The US government rejected the accusations as "absurd" and warned that an end to US-Bolivian cooperation would only result in increased violence and drug trafficking.
"From today all the activities of the US DEA are suspended indefinitely," the Bolivian leader said in the coca-growing region of Chimore, in the central province of Chapare, where he was evaluating efforts to combat drug trafficking.
"Personnel from the DEA supported activities of the unsuccessful coup d'etat in Bolivia," Morales said, referring to fighting in five of the country's nine departments in September that resulted in 19 deaths.
Morales said DEA agents had been "conducting political espionage to fund criminal groups" who aimed at "attacks on the lives of (government) officials, and the president himself."
He also directly accused DEA officials of disrupting government activities during the unrest in September by "funding civic leaders with the aim of sabotaging airports in eastern Bolivia ... to prevent visits from (government) officials."
"We have the obligation to defend the dignity and sovereignty of the Bolivian people," Morales said at the airport in Chimore, where an anti-drug base funded in the 1990s by the United States is located.
Morales did not say whether he would order DEA staff to leave Bolivia, as coca-growers have asked him to do. The growers had already forced officials of the US Agency for International Development to halt their operations in two provinces where the aid agency was seeking to help growers find alternatives to raising coca.
"We reject the accusation that DEA or any other part of the US government supported the opposition or conspired against the Bolivian government," US State Department spokesman Karl Duckworth told AFP.
"These accusations are false and absurd and we deny them.

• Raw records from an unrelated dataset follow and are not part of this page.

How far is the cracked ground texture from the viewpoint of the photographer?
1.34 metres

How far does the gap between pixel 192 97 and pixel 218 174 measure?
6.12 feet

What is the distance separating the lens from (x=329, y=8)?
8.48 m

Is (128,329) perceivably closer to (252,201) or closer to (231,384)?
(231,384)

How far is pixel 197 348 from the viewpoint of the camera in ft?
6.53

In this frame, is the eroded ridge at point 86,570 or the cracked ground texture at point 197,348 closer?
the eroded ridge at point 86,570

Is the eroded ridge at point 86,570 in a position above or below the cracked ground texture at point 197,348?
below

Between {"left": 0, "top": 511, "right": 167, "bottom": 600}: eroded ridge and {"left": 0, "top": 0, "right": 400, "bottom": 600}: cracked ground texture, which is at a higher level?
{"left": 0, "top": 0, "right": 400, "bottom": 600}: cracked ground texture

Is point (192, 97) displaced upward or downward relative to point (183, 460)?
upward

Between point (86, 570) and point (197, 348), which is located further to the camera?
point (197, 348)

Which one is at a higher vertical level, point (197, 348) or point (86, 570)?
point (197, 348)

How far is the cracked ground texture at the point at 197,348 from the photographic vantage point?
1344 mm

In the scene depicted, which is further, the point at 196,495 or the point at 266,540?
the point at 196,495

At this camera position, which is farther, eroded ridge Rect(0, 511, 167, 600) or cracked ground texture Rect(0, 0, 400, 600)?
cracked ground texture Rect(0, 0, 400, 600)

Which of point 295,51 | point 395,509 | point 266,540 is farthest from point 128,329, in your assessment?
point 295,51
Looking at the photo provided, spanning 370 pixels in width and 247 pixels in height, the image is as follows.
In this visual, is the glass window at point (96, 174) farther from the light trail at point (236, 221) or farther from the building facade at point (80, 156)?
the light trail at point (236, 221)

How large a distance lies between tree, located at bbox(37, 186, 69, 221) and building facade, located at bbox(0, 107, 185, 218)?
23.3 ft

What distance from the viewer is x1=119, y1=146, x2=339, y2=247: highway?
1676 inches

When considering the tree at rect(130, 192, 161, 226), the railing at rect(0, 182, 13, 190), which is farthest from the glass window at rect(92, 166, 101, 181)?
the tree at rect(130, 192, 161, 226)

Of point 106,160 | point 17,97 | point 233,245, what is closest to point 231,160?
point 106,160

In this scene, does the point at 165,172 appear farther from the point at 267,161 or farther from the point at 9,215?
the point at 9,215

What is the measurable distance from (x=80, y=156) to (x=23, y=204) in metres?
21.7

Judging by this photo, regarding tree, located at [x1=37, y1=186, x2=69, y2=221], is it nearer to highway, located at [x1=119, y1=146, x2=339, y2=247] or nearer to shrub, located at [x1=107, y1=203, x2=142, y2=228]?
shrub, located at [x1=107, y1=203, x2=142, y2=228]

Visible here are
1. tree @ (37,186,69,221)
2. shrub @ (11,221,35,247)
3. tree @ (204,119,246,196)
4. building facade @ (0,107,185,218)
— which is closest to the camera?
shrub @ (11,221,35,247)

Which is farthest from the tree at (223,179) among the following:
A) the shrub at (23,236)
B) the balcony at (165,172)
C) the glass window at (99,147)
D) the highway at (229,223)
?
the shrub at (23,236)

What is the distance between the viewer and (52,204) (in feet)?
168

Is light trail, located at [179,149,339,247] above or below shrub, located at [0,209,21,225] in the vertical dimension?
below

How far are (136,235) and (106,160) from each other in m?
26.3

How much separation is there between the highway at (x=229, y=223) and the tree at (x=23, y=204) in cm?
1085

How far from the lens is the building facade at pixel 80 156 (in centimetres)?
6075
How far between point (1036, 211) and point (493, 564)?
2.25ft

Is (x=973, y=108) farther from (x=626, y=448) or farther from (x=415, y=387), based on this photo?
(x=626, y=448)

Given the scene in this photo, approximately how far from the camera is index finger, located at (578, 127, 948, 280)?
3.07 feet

We value our relationship with the Bolivian security forces in combatting narcotics production and trafficking," he said.
"Should US cooperation be ended, more narcotics will be produced and shipped from Bolivia. The corrupting effects, violence and tragedy which will result will mainly harm Bolivia as well as the principal consumers of Bolivian cocaine in the neighboring Latin American countries, Europe and West Africa."
The US embassy in Bolivia has also denied that DEA and USAID were conducting political work in the country.
In Washington, the DEA reacted swiftly to the Morales announcement.
"It's an unfortunate situation and an unfortunate decision on his part," DEA spokesman Garrison Courtney told AFP.
He added that there had been dialogue for the past three months with Bolivian officials over the future of the agency's work in the country, and acknowledged that the DEA was initially asked to leave a forward operating base.
Courtney would not be drawn on whether DEA believed Morales ordered the suspension as a result of Washington placing Bolivia on a blacklist of drug-transit or drug-producing countries in mid-September for failing to live up to their obligations to battle the narcotics trade.
"We have had a great working relationship with our counterparts there for over 30 years," he said.
President George W. Bush had written in a finding released September 16 that Bolivia joined Myanmar and Venezuela, which were already on the list in 2007, as countries that "failed demonstrably" in that regard.
Just five days before Bush put Bolivia on the blacklist, Morales had ordered the expulsion of the US ambassador, Philip Goldberg, after accusing him of encouraging division in the country by backing opposition figures.
In a briefing before leaving La Paz, Goldberg warned that Bolivia, which receives 100 million dollars a year in US aid to anti-drug efforts, could expect "serious consequences" for starting a diplomatic row with the United States.
Morales, Bolivia's first indigenous president, has served as the leader of the Bolivian coca-growers union. The coca plant, from which cocaine is derived, has many uses in traditional Andean culture.